A caccia di osterie: da Giuliana D'Ambrosio


A via Broseta, una sera di fine primavera, di quelle che ti pungolano a camminare per trovare un ristoro, è proprio il caso di dirlo.

Cielo incerto, arietta addosso, ci vorrebbe uno spazio aperto ma riparato, che so?, una bella veranda, dove magari assaggiare qualcosa di semplice ma soddisfacente.

Questa è la serata in cui la veranda di Giuliana D'Ambrosio può acquistare ancor più fascino, se mai ne abbia bisogno.

Quando vai alla trattoria D'Ambrosio, con i suoi tavoloni dove a volte siedono persone che non sanno ancora quanto sarà bello conoscersi di lì a poco, hai la sensazione di un'orgia della degustazione, tutti provano un immenso piacere gustativo e un meraviglioso benessere in quest'ovattata isola in cui Giuliana e la sua squadrona fanno sempre gol, come la sua amata Atalanta che la porta a chiudere il locale quando c'è da andare allo stadio.

I numeri fanno effetto: non c'è un buco libero eppure i commensali si susseguono, davanti alla cassa è un andirivieni di chi sta per sedersi a mangiare e di chi si congeda pagando quei 18, 20, massimo 25 € - per i golosi da tris di primi - e soprattutto ringrazia la Giuliana per il semplice fatto di esistere e di resistere, lei che qualche anno fa, dopo una serie di traversie private, aveva rischiato la chiusura.

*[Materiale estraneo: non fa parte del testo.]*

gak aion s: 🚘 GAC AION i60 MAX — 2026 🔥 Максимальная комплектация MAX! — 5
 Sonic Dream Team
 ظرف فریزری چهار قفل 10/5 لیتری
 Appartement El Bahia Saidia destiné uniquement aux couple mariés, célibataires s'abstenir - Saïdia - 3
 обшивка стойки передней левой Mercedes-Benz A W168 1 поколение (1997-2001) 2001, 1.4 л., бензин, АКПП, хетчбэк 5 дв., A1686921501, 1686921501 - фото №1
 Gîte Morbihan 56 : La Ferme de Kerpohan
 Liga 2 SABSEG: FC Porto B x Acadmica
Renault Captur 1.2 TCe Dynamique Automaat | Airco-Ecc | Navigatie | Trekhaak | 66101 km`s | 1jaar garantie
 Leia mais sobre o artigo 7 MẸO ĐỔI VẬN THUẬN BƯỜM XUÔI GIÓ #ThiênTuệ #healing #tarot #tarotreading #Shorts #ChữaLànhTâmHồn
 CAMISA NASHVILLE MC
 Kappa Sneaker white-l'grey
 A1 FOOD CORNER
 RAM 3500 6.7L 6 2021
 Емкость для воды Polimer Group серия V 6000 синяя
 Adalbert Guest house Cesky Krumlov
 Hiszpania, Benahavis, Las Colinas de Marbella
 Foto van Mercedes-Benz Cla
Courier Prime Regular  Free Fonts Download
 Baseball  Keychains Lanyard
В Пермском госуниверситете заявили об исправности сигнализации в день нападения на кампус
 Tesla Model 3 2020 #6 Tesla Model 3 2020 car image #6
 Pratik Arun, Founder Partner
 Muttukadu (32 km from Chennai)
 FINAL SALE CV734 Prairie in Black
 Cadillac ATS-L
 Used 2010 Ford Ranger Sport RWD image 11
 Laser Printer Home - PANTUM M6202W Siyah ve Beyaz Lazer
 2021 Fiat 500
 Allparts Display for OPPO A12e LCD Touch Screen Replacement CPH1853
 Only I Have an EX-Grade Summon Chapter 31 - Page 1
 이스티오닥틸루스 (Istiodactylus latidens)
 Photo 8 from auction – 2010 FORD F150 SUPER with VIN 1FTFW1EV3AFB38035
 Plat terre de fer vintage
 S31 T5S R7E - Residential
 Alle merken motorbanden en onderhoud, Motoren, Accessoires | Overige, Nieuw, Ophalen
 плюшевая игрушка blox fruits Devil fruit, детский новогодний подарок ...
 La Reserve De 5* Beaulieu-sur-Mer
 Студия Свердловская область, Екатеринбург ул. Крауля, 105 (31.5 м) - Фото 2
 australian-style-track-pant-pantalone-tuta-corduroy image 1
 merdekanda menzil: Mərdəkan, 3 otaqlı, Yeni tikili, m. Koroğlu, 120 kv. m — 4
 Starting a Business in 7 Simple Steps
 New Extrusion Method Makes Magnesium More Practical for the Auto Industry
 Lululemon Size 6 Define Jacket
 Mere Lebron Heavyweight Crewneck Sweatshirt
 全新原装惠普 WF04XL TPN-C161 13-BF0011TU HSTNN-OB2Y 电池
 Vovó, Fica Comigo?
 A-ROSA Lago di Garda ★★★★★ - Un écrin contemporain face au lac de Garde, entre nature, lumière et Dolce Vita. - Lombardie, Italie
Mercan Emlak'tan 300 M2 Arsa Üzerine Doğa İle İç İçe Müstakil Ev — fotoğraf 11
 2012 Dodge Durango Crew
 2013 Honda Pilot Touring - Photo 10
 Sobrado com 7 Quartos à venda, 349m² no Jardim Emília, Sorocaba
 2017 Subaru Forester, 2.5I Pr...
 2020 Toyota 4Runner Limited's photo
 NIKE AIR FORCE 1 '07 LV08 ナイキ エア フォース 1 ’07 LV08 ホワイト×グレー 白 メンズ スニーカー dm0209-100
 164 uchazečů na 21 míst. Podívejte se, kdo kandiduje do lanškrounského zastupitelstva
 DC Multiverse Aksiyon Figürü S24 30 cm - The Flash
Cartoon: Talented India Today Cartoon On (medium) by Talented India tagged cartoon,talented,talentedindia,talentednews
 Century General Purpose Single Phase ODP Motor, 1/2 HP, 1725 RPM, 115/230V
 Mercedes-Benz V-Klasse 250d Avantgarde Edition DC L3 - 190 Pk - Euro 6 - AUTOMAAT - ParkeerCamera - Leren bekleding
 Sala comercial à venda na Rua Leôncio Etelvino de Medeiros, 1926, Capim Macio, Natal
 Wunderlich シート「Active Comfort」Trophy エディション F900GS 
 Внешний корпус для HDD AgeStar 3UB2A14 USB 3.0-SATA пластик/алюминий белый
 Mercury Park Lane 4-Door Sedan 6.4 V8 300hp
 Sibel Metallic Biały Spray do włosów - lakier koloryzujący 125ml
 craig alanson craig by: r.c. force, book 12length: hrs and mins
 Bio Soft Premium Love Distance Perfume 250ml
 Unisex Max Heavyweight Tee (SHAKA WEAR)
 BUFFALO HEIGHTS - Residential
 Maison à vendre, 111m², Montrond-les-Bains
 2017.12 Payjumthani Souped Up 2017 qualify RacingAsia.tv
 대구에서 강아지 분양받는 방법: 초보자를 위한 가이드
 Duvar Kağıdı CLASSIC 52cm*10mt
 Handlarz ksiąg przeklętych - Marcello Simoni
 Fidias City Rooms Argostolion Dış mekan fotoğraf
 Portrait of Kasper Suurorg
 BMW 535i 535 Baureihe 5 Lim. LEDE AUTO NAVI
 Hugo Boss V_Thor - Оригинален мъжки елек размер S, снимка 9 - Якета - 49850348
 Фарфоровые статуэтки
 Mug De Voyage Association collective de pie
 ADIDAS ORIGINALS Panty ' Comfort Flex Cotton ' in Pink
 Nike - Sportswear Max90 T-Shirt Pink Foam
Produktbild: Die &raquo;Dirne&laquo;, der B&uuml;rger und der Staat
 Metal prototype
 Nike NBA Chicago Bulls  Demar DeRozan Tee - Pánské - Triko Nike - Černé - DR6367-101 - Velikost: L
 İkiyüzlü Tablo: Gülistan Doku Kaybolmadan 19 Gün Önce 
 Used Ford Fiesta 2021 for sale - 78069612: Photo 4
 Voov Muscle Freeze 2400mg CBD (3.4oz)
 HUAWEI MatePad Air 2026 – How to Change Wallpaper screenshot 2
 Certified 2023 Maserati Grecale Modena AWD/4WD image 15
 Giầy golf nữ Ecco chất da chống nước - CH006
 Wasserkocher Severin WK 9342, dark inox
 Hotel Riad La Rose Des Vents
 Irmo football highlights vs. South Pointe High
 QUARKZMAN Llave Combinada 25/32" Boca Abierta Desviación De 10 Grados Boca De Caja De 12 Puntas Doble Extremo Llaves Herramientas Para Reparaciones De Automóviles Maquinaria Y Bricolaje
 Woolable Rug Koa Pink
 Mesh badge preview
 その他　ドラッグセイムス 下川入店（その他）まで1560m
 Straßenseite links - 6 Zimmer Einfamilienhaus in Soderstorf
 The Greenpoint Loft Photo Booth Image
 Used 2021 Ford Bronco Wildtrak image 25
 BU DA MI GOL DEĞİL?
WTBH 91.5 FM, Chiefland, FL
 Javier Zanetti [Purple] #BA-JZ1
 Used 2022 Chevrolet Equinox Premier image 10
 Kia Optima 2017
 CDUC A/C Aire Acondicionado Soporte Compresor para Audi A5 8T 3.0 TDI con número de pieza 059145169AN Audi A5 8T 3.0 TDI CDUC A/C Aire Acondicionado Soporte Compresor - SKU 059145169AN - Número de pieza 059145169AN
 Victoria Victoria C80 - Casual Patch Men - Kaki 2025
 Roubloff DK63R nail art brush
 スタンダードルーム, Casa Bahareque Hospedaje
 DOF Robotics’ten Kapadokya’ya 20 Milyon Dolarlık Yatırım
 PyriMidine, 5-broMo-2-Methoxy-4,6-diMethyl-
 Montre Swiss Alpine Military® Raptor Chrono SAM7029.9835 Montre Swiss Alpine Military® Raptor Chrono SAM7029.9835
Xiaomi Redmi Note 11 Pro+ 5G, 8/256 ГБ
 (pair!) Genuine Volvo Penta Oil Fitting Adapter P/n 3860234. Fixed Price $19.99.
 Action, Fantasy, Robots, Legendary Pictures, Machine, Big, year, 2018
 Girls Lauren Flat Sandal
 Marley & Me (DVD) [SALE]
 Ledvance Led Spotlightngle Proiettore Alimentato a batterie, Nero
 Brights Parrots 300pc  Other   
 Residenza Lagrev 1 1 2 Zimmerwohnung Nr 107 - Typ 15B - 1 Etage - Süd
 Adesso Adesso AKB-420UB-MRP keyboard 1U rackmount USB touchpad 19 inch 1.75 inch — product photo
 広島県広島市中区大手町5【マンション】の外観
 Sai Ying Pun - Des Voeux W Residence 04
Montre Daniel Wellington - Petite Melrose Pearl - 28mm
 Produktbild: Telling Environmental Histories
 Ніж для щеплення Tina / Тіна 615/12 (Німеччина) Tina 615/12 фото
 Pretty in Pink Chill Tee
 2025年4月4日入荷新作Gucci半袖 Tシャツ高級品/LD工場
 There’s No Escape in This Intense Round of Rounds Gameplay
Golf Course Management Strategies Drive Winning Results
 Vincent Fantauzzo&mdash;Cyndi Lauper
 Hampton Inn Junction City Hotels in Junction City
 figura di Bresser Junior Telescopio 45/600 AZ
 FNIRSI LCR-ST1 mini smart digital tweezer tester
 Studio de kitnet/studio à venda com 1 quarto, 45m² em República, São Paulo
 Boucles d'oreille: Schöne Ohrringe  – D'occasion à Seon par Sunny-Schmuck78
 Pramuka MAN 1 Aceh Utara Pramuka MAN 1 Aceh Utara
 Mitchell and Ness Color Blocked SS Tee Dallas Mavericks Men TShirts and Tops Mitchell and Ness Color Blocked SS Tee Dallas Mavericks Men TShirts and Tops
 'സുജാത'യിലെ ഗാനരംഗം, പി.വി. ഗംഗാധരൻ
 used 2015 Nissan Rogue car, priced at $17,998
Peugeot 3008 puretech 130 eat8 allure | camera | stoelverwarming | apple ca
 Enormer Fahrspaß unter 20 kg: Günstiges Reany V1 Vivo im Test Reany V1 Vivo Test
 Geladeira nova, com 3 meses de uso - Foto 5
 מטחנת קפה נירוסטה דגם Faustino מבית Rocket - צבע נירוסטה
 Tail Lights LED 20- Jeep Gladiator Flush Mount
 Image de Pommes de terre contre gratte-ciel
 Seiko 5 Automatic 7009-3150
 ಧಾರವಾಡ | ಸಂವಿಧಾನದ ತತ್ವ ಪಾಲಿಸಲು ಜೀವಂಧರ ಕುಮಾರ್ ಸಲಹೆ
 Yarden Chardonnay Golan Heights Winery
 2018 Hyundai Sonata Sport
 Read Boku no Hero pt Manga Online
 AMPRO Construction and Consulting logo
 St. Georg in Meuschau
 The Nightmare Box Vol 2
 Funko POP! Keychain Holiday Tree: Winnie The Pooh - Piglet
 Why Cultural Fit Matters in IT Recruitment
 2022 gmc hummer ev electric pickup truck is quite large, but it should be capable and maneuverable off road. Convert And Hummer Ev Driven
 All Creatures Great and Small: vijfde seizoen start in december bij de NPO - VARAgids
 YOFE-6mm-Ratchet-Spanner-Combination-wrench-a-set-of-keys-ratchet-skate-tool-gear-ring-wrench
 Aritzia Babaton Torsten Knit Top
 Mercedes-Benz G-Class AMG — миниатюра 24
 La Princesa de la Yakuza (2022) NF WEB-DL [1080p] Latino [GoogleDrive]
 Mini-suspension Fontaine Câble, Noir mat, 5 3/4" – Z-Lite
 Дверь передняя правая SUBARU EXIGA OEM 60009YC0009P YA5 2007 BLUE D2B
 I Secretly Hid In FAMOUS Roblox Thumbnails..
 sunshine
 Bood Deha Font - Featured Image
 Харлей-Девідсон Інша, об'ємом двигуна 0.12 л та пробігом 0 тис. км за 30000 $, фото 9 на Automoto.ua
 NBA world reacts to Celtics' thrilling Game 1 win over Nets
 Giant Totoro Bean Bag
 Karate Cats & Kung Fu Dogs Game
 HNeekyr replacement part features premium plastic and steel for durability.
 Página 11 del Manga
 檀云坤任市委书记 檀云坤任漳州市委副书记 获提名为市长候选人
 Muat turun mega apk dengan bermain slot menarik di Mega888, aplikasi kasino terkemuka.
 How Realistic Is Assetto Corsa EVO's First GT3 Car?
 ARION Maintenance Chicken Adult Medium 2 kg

Donna forte, di radici meridionali, papà che scommette sul caffè con bocciofila in un punto di Bergamo bassa oltre il quale c'erano solo campi, e che le vicende e le sfortune hanno portato sin da ragazzina a dedicarsi alla cucina e alla trattoria, diventando poi non tanto la sua fortuna, quanto la testimonianza di una dignità.